A clear business case facilitates a shared understanding of how the model works, as inability to fully explain the algorithmic output can lead to a lack of transparency (Mittelstadt et al., 2016), directly affecting accountability for the model and its decisions (Yeung, 2018). Additionally, it allows for the entire process to be auditable, enabling transparency on all decisions, which helps create an institutional memory and documentation so if key personnel leave the project, the learning does not leave with them. It can also be used to establish specific, measurable and achievable evaluation criteria at the outset of the project. Currently it is difficult to ascertain whether algorithmic models achieve what they set out to do, that is, reduce crime – particularly because they are often data-driven rather than theory-driven (Saunders et al., 2016). Flawed or insufficient theoretical underpinning can result in a range of issues and unintended consequences, such as distortions in the analysis that would likely produce patterns that turn out to be spurious correlations (Kaufmann et al., 2019).
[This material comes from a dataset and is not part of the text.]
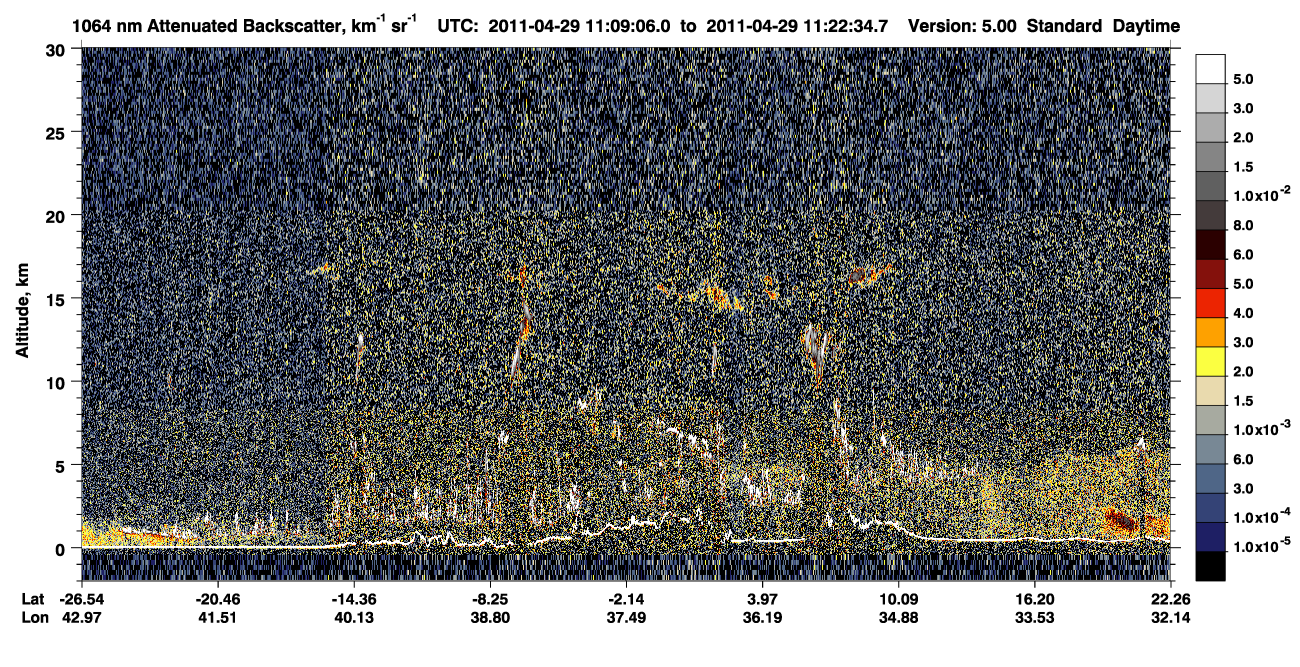 /calipso-imagery/data/BROWSE/production/V5-00/2011-04-29/2011-04-29_10-55-41_V5.00_2_4_CVDcolormap.png image missing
However, documenting decisions and processes readies the model for transparent validation, evaluation and the comparative studies needed if an evidence base is to be created regarding the costs and benefits of AI applications in policing (EUCPN, 2022). These can then be kept in mind during the development phase, as well as used for more formal evaluations, adding to the evidence-base. It should be noted that projects can take an ‘exploratory’ approach, which involves starting with the data analysis and not establishing a clear purpose for analysis until after the insights have been generated if a business case is then clearly established (Babuta and Oswald, 2020).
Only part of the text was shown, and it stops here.